Boundary of the channel and the lipid layer, apparently, serves as a pathway for the exit of transmembrane domains from the channel after their recognition. However, the mechanism for domain exit from the translocon varies somewhat from substrate to substrate. Some domains leave the translocon almost immediately after being recognized in the channel. In these cases, the transmembrane domain first contacts Sec61a and lipids, and then only lipids; it is assumed that the domain has already penetrated into the lipid bilayer.

For integration of such domains of other proteins, with the exception of the Sec61 complex, is not required. Other transmembrane domains integrate more slowly and, after recognition, do not leave the translocon for a long time, sometimes even remaining there until the end of translation. As they exit the channel into the bilayer, these transmembrane domains come into contact with the TRAM protein, although its further role remains unclear.

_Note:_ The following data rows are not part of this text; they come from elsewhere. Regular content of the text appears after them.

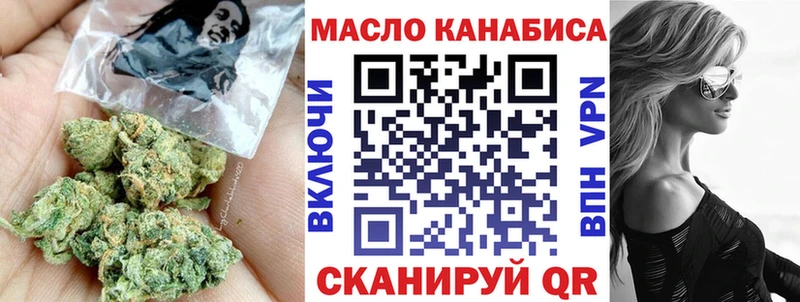 Купить  Щёкино  ТГК вейп с тгк 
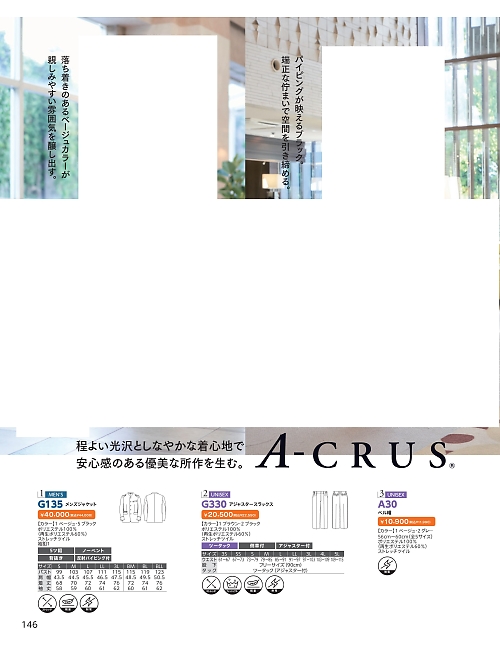 ＤＡＬＴＯＮ(ダルトン),G135,ジャケットの写真は2026最新カタログ146ページに掲載されています。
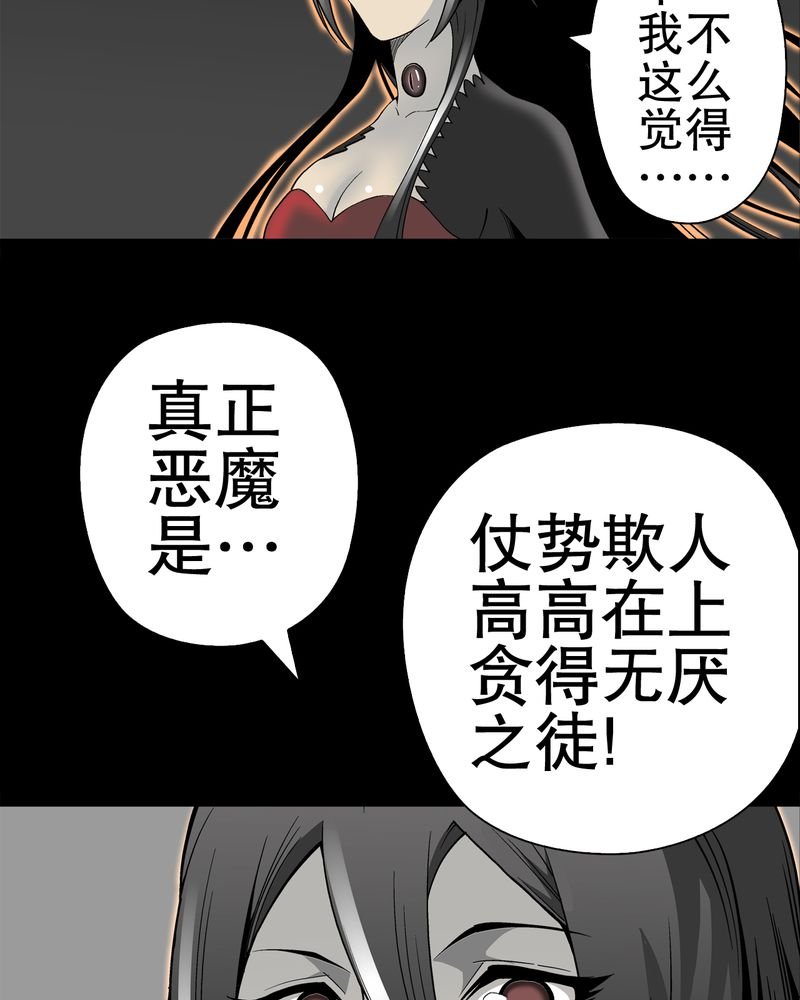 第48章：初识之地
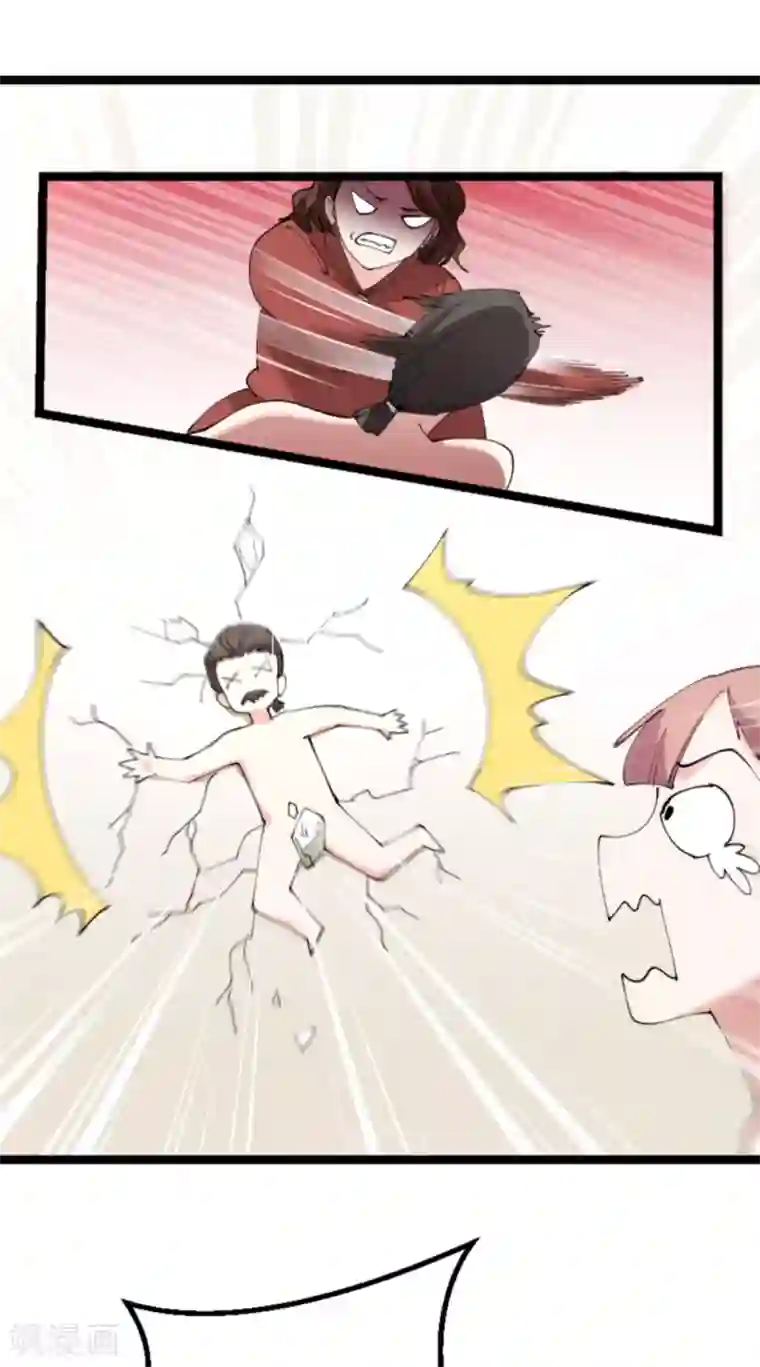 影后老婆不许逃第131话 状告战氏！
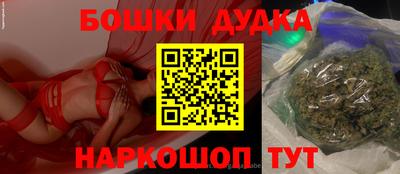 стаф Усть-Илимск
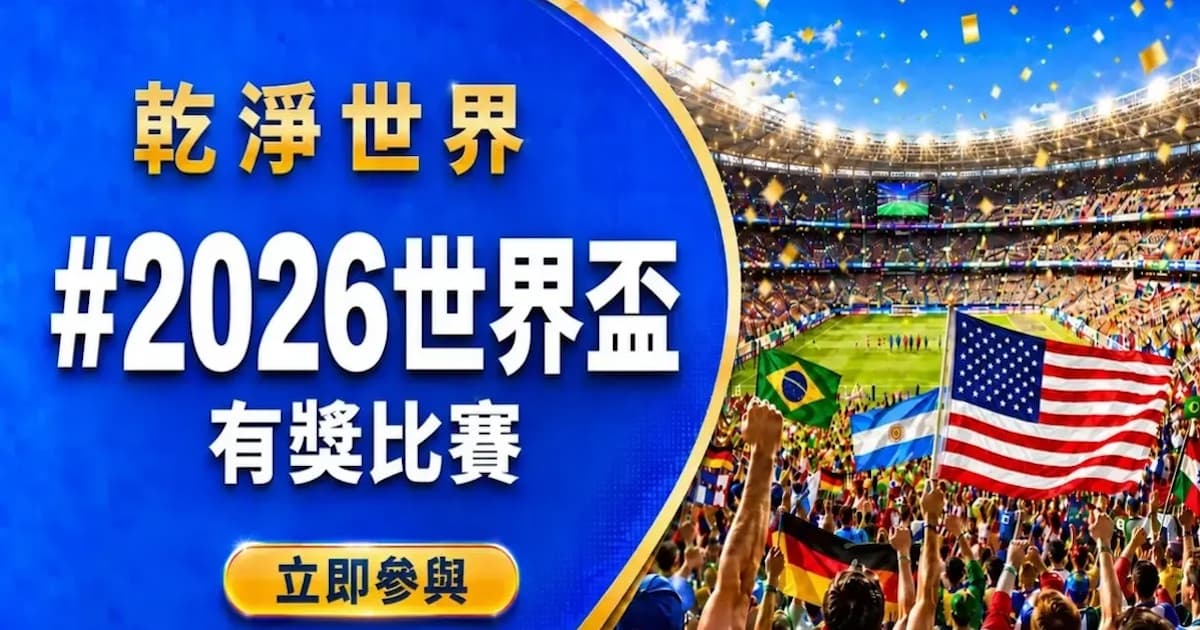 《乾淨世界》世界盃有獎比賽 分享慶祝足球盛事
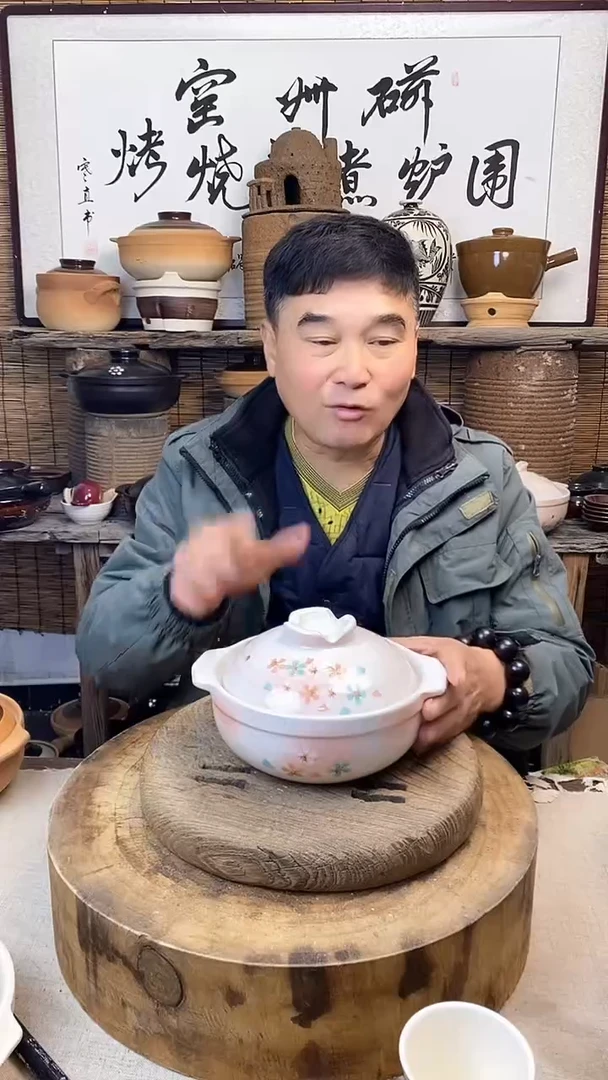 （微瑕）梦樱6号锅1000ml小土锅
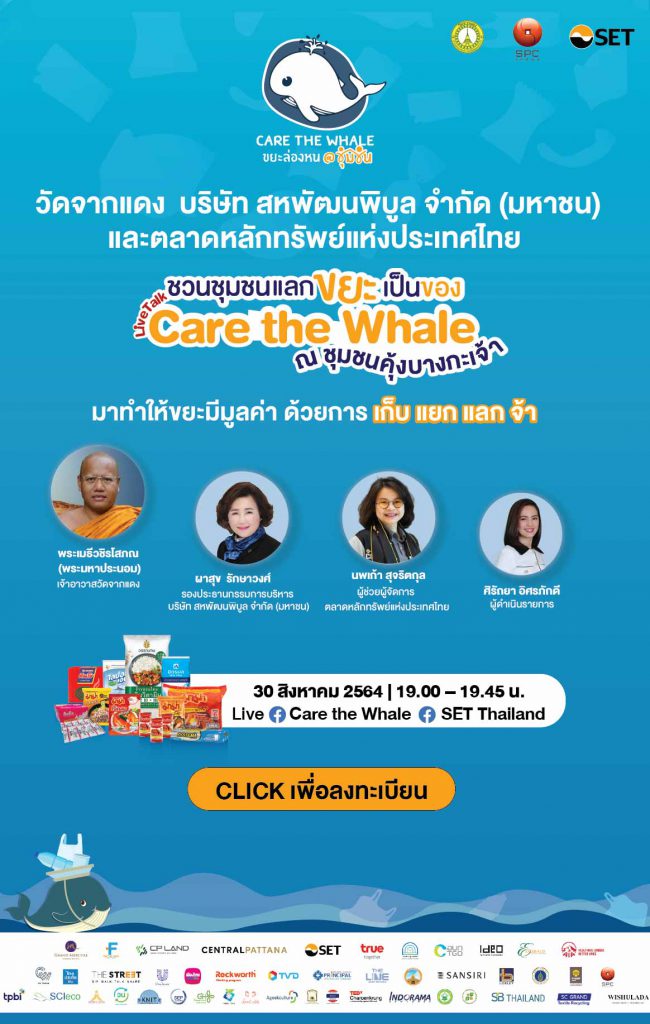 Live Talk Care the Whale ณ ชุมชนคุ้งบางกระเจ้า ชวนชุมชนแลกขยะเป็นของ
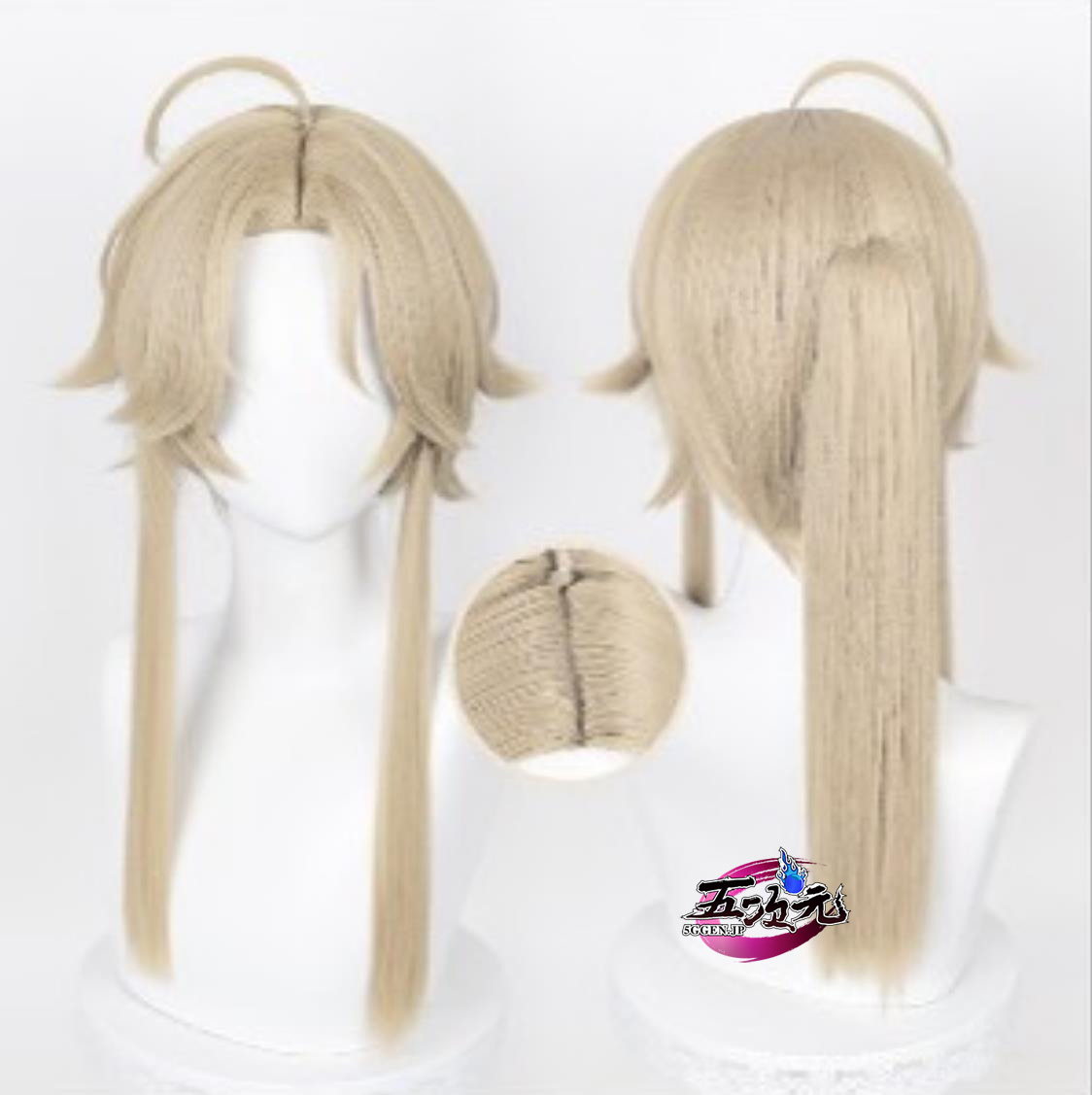 五次元 崩壊スターレイル コスプレ スタレ 彦卿（げんきょう） ウィッグ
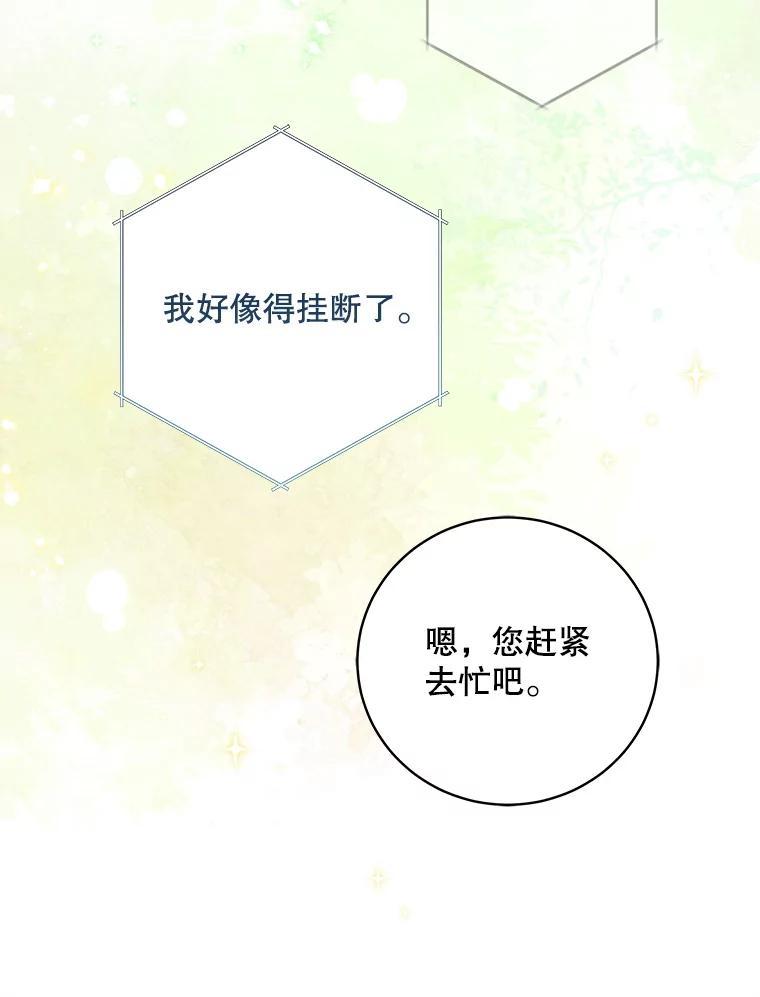 《欢迎光临地下城酒店》13.粉丝到访 第119页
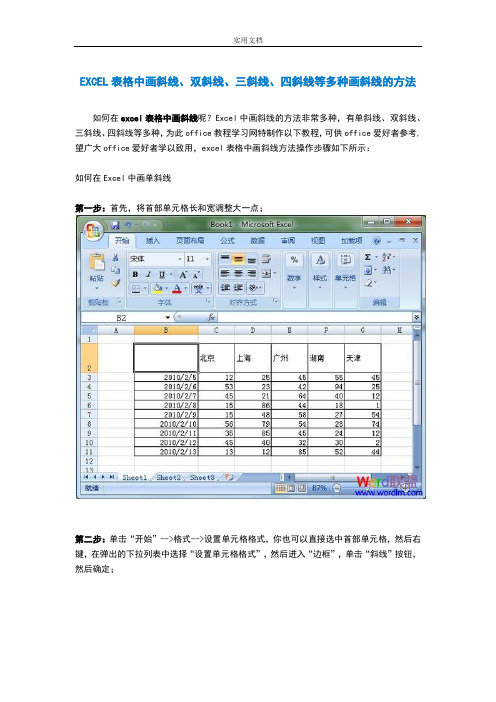 excel表格中画斜线、多斜线方法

Degree of hydrophobicity partly determines whether the transmembrane domain is integrated immediately or occurs at a later stage in protein synthesis. More hydrophobic domains can move more quickly into the lipid bilayer, but less hydrophobic ones can remain at the interface and require additional transport factors. It is possible that TRAM and other proteins serve as chaperones for some transmembrane domains. They promote the integration of domains whose hydrophobicity is insufficient for movement.

It's obvious that at least group of transmembrane proteins may be multiple forms containing a specific domain, which in some cases is integrated into the membrane, and in others remains unrecognized. Proteins such as TRAM may determine under what conditions such substitutions will be integrated.